Reclaiming my time
Sometimes you don't know where you've been until you get far enough away from it to turn around and look back. And maybe I'm still not far enough away from the events of the last year, the last five-plus years, to really understand but I am feeling like things have changed and I'm finally back heading in a direction of my choice. Although it does feel like a whole bunch of directions and choices have opened up in front of me so I'll have to thoughtfully consider where I go from here.
After over five years of care-taking for my elderly mother here on my farm, and an additional eight to nine years of keeping tabs on and overseeing the arrangements for my aunt's care and my father's care back in New York prior to her coming out to live with us, I no longer have to split my mental energy and time (for the most part) between their priorities and mine. There's something soul-sapping about trying to take care of two lives with the sets of needs and desires at the same no matter how much you love the person you're helping. In my experience, it's doubly hard if the relationship is not the healthiest. To accommodate my mother's worsening health since the beginning of the year, I ended up putting my entire livelihood, business and practice on hiatus, a decision I hoped I would never have to make but one that was necessary.
There's a term in Buddhism regarding the process of death called the Bardo "the state of existence intermediate between two lives on earth," but more than that it describes the state between anything that ends and another begins, that sense of swirling, the lack of clarity, the non-movement before the next journey. That's pretty much where I've been since August. Mom died and now I face my life again. I'm giving myself a year to gather myself and take the small steps back into my flow. My head has been in such a fractured place so as a way of restarting my journey, I decided to do some continuing education to help stimulate structured thought related to my work, something to feed my soul, a sense of taking care of my need for learning and my desire to be better and more knowledgable in my work.
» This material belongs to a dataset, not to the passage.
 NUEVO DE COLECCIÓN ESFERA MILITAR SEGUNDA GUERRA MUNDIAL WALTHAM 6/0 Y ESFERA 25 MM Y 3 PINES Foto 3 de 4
Pottery can conjure up a very calm, fun, hobby-like activity, which it very much can be, but as any potter will tell you, once hooked, you really are just opening a huge can of worms. Pottery and ceramics have been practiced for thousands of years. That's a lot of knowledge. Once you start playing in dirt, if you wish to keep pursuing it, particularly professionally, you quickly find out how much there is to learn. It's not just aesthetics, for any functional work, there's practical design concept and fundamentally, you must know your materials because if you don't, they will make themselves and their properties known to you in glaze and clay flaws. The chemistry behind the materials is intimidating for most because artists are often shunted into an either/or way of thinking about the science. You're either an artist-type OR you're a science-type. However, if you really want to take control of your studio practice, you have to confront the technical side. Since so much of my life has felt so out of control, this pursuit of the technicalities of clay and glaze is fulfilling that need and desire.
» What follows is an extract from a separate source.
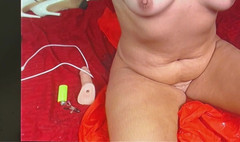 MilfyCalla: 独自玩小便时看自己在屏幕上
The things I make from here on out may change a bit. They may change radically. They may not change at all initially but one thing I do know, they will change because I've changed from this whole life experience.
I'm finishing up one glaze class and starting two in January. My plans are to do one outdoor show —assuming COVID is not a danger— in 2022 to restart that part of my business and continue to stock the galleries that have stuck with me through this last year. Basically, just to get my feet under me again. So we shall see where we go from here but I am enjoying the learning. Shout out to Ceramic Materials Workshop for all the fun brain work.